Write the records below out again. Match them exactly.

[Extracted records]
-.-.-
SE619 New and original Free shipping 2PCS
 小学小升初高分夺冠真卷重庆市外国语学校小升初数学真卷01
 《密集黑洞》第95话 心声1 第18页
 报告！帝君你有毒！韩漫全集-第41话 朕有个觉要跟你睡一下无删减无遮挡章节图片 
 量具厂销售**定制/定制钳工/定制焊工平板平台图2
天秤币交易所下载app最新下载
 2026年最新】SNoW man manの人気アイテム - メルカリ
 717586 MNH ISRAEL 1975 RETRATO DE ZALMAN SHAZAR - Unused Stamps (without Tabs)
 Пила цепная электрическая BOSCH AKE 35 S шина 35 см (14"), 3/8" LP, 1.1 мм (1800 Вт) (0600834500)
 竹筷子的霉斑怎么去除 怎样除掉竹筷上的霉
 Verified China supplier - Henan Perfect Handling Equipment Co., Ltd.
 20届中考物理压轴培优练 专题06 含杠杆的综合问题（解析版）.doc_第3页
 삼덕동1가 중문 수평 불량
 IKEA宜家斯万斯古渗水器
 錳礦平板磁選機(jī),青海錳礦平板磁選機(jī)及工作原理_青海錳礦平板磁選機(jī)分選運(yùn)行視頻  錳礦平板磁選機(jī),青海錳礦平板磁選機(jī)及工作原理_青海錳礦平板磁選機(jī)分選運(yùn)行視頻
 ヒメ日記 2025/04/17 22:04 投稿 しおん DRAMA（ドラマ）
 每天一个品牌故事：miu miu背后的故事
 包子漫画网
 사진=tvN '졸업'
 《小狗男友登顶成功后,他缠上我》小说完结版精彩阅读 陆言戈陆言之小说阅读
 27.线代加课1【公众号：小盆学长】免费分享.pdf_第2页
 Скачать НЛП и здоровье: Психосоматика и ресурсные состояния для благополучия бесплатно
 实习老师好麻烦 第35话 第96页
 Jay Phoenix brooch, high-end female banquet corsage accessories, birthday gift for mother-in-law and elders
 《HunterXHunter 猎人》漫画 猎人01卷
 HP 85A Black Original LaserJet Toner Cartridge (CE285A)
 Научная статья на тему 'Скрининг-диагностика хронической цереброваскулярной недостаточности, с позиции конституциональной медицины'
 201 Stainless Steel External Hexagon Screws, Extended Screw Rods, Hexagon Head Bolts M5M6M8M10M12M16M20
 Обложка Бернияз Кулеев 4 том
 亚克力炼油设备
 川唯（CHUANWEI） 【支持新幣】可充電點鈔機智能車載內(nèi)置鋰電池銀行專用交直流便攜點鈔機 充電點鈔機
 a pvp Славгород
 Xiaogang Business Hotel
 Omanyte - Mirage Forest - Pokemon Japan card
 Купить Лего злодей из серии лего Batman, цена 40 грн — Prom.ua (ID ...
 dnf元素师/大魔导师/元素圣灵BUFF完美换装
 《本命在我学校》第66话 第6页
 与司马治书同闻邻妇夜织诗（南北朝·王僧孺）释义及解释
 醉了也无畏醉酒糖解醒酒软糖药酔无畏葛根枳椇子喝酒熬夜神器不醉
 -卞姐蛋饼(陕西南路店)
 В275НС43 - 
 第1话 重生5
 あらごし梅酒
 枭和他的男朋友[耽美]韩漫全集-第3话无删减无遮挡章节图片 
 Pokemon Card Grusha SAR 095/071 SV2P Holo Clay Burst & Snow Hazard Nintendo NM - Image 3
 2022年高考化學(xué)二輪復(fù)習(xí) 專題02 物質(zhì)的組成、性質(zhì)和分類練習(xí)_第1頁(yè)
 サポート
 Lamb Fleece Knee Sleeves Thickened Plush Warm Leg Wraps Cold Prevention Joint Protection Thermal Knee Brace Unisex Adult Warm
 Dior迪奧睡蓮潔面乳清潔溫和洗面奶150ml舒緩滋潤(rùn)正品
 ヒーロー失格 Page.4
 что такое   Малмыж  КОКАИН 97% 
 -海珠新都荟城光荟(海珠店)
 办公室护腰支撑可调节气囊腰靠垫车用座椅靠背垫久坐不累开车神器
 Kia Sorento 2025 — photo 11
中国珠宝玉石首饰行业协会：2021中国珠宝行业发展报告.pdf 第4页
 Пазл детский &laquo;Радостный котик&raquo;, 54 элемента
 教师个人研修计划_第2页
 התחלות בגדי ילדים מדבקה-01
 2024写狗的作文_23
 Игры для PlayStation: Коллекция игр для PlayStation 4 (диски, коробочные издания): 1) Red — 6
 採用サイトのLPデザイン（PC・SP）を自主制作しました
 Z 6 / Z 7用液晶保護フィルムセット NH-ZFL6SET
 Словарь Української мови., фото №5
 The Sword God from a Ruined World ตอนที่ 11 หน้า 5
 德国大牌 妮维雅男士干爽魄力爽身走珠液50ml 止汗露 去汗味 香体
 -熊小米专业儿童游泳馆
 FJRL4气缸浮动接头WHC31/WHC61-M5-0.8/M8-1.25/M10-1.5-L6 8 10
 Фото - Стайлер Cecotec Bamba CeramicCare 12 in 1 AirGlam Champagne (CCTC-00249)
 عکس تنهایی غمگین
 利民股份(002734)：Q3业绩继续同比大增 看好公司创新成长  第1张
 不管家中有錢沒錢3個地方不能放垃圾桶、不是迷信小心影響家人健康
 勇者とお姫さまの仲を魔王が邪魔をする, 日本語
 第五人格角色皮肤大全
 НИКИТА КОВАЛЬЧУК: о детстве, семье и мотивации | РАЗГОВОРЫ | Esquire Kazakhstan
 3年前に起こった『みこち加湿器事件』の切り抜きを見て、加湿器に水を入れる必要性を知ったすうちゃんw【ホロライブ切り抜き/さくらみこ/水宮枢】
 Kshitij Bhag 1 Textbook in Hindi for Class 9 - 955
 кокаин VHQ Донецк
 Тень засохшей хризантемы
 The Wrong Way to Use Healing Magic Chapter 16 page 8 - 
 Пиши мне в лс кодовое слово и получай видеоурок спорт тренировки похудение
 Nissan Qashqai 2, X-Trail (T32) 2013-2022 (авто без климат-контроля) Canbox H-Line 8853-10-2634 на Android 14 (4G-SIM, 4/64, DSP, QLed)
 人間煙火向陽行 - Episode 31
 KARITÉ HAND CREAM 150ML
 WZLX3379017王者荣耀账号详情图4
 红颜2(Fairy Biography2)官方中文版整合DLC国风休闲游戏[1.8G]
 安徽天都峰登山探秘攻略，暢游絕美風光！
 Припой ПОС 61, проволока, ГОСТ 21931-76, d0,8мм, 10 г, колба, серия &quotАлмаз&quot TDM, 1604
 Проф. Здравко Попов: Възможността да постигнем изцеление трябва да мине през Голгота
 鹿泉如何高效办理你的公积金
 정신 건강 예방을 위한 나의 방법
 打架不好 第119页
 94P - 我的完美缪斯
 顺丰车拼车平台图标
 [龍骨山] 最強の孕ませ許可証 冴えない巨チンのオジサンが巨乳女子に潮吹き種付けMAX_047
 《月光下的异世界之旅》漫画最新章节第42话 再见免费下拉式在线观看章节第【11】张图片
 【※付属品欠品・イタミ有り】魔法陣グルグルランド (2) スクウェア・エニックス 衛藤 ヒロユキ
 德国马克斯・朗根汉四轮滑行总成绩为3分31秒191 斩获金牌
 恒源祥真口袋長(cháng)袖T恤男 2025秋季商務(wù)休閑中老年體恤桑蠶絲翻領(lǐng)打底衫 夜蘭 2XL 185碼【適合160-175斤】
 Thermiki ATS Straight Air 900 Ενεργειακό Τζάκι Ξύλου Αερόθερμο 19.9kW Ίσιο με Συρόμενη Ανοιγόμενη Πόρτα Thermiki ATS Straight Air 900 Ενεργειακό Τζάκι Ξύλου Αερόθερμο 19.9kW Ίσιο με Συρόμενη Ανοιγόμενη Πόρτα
-.-.-
RESPONSE TO THIS TASK:
SE619 New and original Free shipping 2PCS
 小学小升初高分夺冠真卷重庆市外国语学校小升初数学真卷01
 《密集黑洞》第95话 心声1 第18页
 报告！帝君你有毒！韩漫全集-第41话 朕有个觉要跟你睡一下无删减无遮挡章节图片 
 量具厂销售**定制/定制钳工/定制焊工平板平台图2
天秤币交易所下载app最新下载
 2026年最新】SNoW man manの人気アイテム - メルカリ
 717586 MNH ISRAEL 1975 RETRATO DE ZALMAN SHAZAR - Unused Stamps (without Tabs)
 Пила цепная электрическая BOSCH AKE 35 S шина 35 см (14"), 3/8" LP, 1.1 мм (1800 Вт) (0600834500)
 竹筷子的霉斑怎么去除 怎样除掉竹筷上的霉
 Verified China supplier - Henan Perfect Handling Equipment Co., Ltd.
 20届中考物理压轴培优练 专题06 含杠杆的综合问题（解析版）.doc_第3页
 삼덕동1가 중문 수평 불량
 IKEA宜家斯万斯古渗水器
 錳礦平板磁選機(jī),青海錳礦平板磁選機(jī)及工作原理_青海錳礦平板磁選機(jī)分選運(yùn)行視頻  錳礦平板磁選機(jī),青海錳礦平板磁選機(jī)及工作原理_青海錳礦平板磁選機(jī)分選運(yùn)行視頻
 ヒメ日記 2025/04/17 22:04 投稿 しおん DRAMA（ドラマ）
 每天一个品牌故事：miu miu背后的故事
 包子漫画网
 사진=tvN '졸업'
 《小狗男友登顶成功后,他缠上我》小说完结版精彩阅读 陆言戈陆言之小说阅读
 27.线代加课1【公众号：小盆学长】免费分享.pdf_第2页
 Скачать НЛП и здоровье: Психосоматика и ресурсные состояния для благополучия бесплатно
 实习老师好麻烦 第35话 第96页
 Jay Phoenix brooch, high-end female banquet corsage accessories, birthday gift for mother-in-law and elders
 《HunterXHunter 猎人》漫画 猎人01卷
 HP 85A Black Original LaserJet Toner Cartridge (CE285A)
 Научная статья на тему 'Скрининг-диагностика хронической цереброваскулярной недостаточности, с позиции конституциональной медицины'
 201 Stainless Steel External Hexagon Screws, Extended Screw Rods, Hexagon Head Bolts M5M6M8M10M12M16M20
 Обложка Бернияз Кулеев 4 том
 亚克力炼油设备
 川唯（CHUANWEI） 【支持新幣】可充電點鈔機智能車載內(nèi)置鋰電池銀行專用交直流便攜點鈔機 充電點鈔機
 a pvp Славгород
 Xiaogang Business Hotel
 Omanyte - Mirage Forest - Pokemon Japan card
 Купить Лего злодей из серии лего Batman, цена 40 грн — Prom.ua (ID ...
 dnf元素师/大魔导师/元素圣灵BUFF完美换装
 《本命在我学校》第66话 第6页
 与司马治书同闻邻妇夜织诗（南北朝·王僧孺）释义及解释
 醉了也无畏醉酒糖解醒酒软糖药酔无畏葛根枳椇子喝酒熬夜神器不醉
 -卞姐蛋饼(陕西南路店)
 В275НС43 - 
 第1话 重生5
 あらごし梅酒
 枭和他的男朋友[耽美]韩漫全集-第3话无删减无遮挡章节图片 
 Pokemon Card Grusha SAR 095/071 SV2P Holo Clay Burst & Snow Hazard Nintendo NM - Image 3
 2022年高考化學(xué)二輪復(fù)習(xí) 專題02 物質(zhì)的組成、性質(zhì)和分類練習(xí)_第1頁(yè)
 サポート
 Lamb Fleece Knee Sleeves Thickened Plush Warm Leg Wraps Cold Prevention Joint Protection Thermal Knee Brace Unisex Adult Warm
 Dior迪奧睡蓮潔面乳清潔溫和洗面奶150ml舒緩滋潤(rùn)正品
 ヒーロー失格 Page.4
 что такое   Малмыж  КОКАИН 97% 
 -海珠新都荟城光荟(海珠店)
 办公室护腰支撑可调节气囊腰靠垫车用座椅靠背垫久坐不累开车神器
 Kia Sorento 2025 — photo 11
中国珠宝玉石首饰行业协会：2021中国珠宝行业发展报告.pdf 第4页
 Пазл детский &laquo;Радостный котик&raquo;, 54 элемента
 教师个人研修计划_第2页
 התחלות בגדי ילדים מדבקה-01
 2024写狗的作文_23
 Игры для PlayStation: Коллекция игр для PlayStation 4 (диски, коробочные издания): 1) Red — 6
 採用サイトのLPデザイン（PC・SP）を自主制作しました
 Z 6 / Z 7用液晶保護フィルムセット NH-ZFL6SET
 Словарь Української мови., фото №5
 The Sword God from a Ruined World ตอนที่ 11 หน้า 5
 德国大牌 妮维雅男士干爽魄力爽身走珠液50ml 止汗露 去汗味 香体
 -熊小米专业儿童游泳馆
 FJRL4气缸浮动接头WHC31/WHC61-M5-0.8/M8-1.25/M10-1.5-L6 8 10
 Фото - Стайлер Cecotec Bamba CeramicCare 12 in 1 AirGlam Champagne (CCTC-00249)
 عکس تنهایی غمگین
 利民股份(002734)：Q3业绩继续同比大增 看好公司创新成长  第1张
 不管家中有錢沒錢3個地方不能放垃圾桶、不是迷信小心影響家人健康
 勇者とお姫さまの仲を魔王が邪魔をする, 日本語
 第五人格角色皮肤大全
 НИКИТА КОВАЛЬЧУК: о детстве, семье и мотивации | РАЗГОВОРЫ | Esquire Kazakhstan
 3年前に起こった『みこち加湿器事件』の切り抜きを見て、加湿器に水を入れる必要性を知ったすうちゃんw【ホロライブ切り抜き/さくらみこ/水宮枢】
 Kshitij Bhag 1 Textbook in Hindi for Class 9 - 955
 кокаин VHQ Донецк
 Тень засохшей хризантемы
 The Wrong Way to Use Healing Magic Chapter 16 page 8 - 
 Пиши мне в лс кодовое слово и получай видеоурок спорт тренировки похудение
 Nissan Qashqai 2, X-Trail (T32) 2013-2022 (авто без климат-контроля) Canbox H-Line 8853-10-2634 на Android 14 (4G-SIM, 4/64, DSP, QLed)
 人間煙火向陽行 - Episode 31
 KARITÉ HAND CREAM 150ML
 WZLX3379017王者荣耀账号详情图4
 红颜2(Fairy Biography2)官方中文版整合DLC国风休闲游戏[1.8G]
 安徽天都峰登山探秘攻略，暢游絕美風光！
 Припой ПОС 61, проволока, ГОСТ 21931-76, d0,8мм, 10 г, колба, серия &quotАлмаз&quot TDM, 1604
 Проф. Здравко Попов: Възможността да постигнем изцеление трябва да мине през Голгота
 鹿泉如何高效办理你的公积金
 정신 건강 예방을 위한 나의 방법
 打架不好 第119页
 94P - 我的完美缪斯
 顺丰车拼车平台图标
 [龍骨山] 最強の孕ませ許可証 冴えない巨チンのオジサンが巨乳女子に潮吹き種付けMAX_047
 《月光下的异世界之旅》漫画最新章节第42话 再见免费下拉式在线观看章节第【11】张图片
 【※付属品欠品・イタミ有り】魔法陣グルグルランド (2) スクウェア・エニックス 衛藤 ヒロユキ
 德国马克斯・朗根汉四轮滑行总成绩为3分31秒191 斩获金牌
 恒源祥真口袋長(cháng)袖T恤男 2025秋季商務(wù)休閑中老年體恤桑蠶絲翻領(lǐng)打底衫 夜蘭 2XL 185碼【適合160-175斤】
 Thermiki ATS Straight Air 900 Ενεργειακό Τζάκι Ξύλου Αερόθερμο 19.9kW Ίσιο με Συρόμενη Ανοιγόμενη Πόρτα Thermiki ATS Straight Air 900 Ενεργειακό Τζάκι Ξύλου Αερόθερμο 19.9kW Ίσιο με Συρόμενη Ανοιγόμενη Πόρτα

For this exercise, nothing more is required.